Mon choix s'est porté sur
La fameuse invasion de la Sicile par les ours. Un titre énigmatique pour un livre Jeunesse, roman d'aventures voire conte philosophique pour enfants mais peut-être aussi pour les adultes !
C'est l'histoire d'une rivalité, d'un âpre combat celui des ours contre les hommes sur le territoire de la Sicile. S'adressant à un public jeune, par simplicité, l'auteur commence d'abord par présenter les principaux personnages : Léonce, le roi des ours, son fils Tonin capturé jadis par les hommes, le Grand-Duc tyran de Sicile et ennemi juré des ours, le professeur de Ambrosiis astrologue et étrange magicien, et encore bien d'autres qu'il serait trop long d'énumérer ici. Il décrit ensuite les décors : les montagnes majestueuses, la vallée verdoyante, la capitale aujourd'hui disparue "entourée de murs extrêmement hauts et de citadelles fortifiées." Vient enfin le récit proprement-dit.

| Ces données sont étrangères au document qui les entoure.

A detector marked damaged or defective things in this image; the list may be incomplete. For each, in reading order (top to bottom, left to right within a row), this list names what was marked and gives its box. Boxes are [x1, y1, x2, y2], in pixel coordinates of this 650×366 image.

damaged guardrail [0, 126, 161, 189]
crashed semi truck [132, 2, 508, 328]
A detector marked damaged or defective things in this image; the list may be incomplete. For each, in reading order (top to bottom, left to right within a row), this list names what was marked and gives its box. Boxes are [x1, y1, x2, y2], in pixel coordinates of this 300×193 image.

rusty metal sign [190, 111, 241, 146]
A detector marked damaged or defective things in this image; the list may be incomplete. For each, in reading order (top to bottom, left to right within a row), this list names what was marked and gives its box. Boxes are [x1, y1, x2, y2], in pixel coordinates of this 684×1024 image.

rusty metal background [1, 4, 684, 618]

"Et à présent bouche bée, écoutons;
De la Sicile, par les ours, la grande invasion,
Cela se passait il y a bien longtemps,
Les bêtes étaient bonnes, les hommes barbares en ce temps"...
Une douzaine de chapitres ponctuent ce roman, des chapitres relativement courts, écrits dans un style simple et fluide, un peu d'un autre temps, alliant prose et vers, parfois une touche d'humour. le rythme est dynamique, les événements s'enchaînent rapidement avec des situations périlleuses, des affrontements contre les hommes et quelques créatures fantastiques, des traitrises, et au final la victoire. Et pourtant ce n'est pas le bonheur pour le roi Léonce. "Trop souvent ses regards, à travers les vastes fenêtres de son palais, s'évadent tristement vers les montagnes lointaines". Il regrette le temps passé, très vite il a découvert combien le monde des humains où seules comptent les richesses, n'est pas fait pour lui, ni pour ses semblables". Il se rattache à ses vraies valeurs, une vie simple proche de la nature, loin de la cupidité et des plaisirs futiles de la ville, tel
Dino Buzatti lui-même qui n'était jamais aussi heureux que dans ses montagnes.

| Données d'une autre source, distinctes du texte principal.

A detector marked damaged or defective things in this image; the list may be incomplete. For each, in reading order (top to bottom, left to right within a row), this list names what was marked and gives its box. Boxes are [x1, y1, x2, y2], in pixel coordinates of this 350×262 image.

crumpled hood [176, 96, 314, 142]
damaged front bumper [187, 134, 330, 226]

J'ai bien aimé ce livre très inattendu, j'ai été séduite par la belle écriture de l'auteur et surtout par ses poèmes qui s'intercalent tout naturellement dans le récit.
Dino Buzatti était écrivain, journaliste également peintre. Ses dessins qui jalonnent les chapitres de l'histoires sont très réussis, pleins de charme et de poésie. C'est donc un joli livre dont je conseille la lecture, même si je n'ai pas entièrement adhéré au récit.